- Task description
Write the entries out again in full and unchanged, dropping every image.

▽

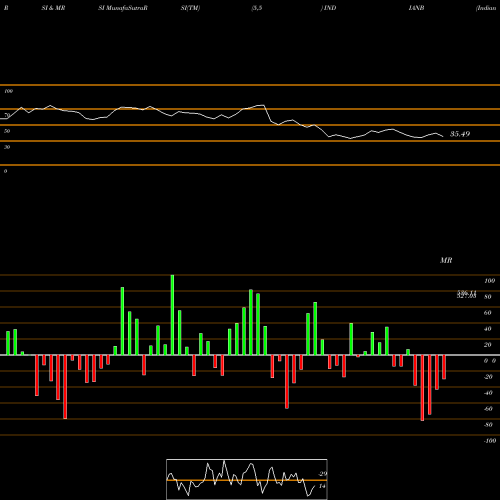 RSI & MRSI charts Indian Bank INDIANB share NSE Stock Exchange 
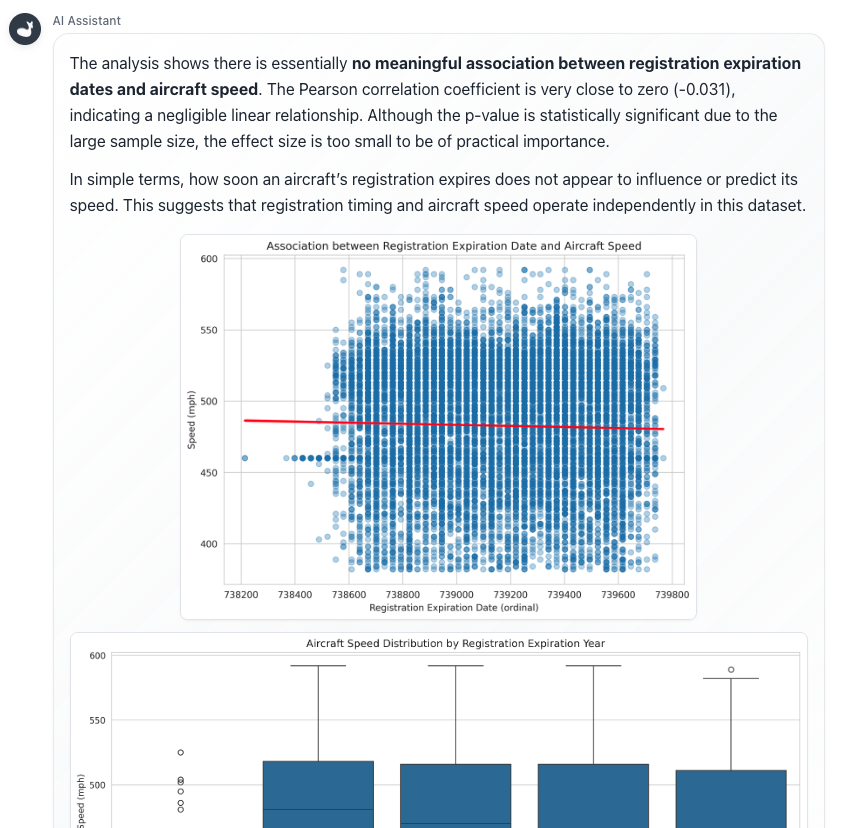 Answer for Correlation Analysis
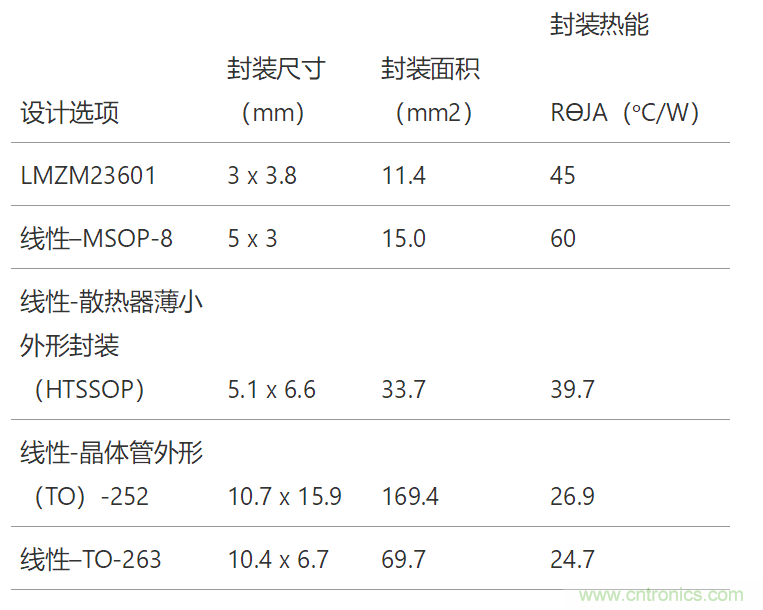 工業(yè)傳感器供電采用開(kāi)關(guān)穩(wěn)壓器方案真的好嗎？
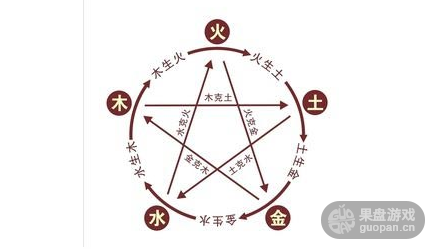 问道手游五行相生相克原理怎么样?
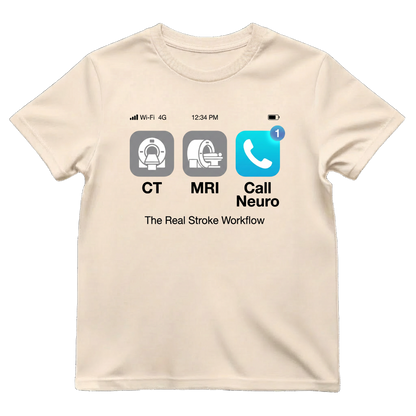 The Real Stroke Workflow Neuro Nurse Shirt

△

- Output below
 RSI & MRSI charts Indian Bank INDIANB share NSE Stock Exchange 
 Answer for Correlation Analysis
 工業(yè)傳感器供電采用開(kāi)關(guān)穩(wěn)壓器方案真的好嗎？
 问道手游五行相生相克原理怎么样?
 The Real Stroke Workflow Neuro Nurse Shirt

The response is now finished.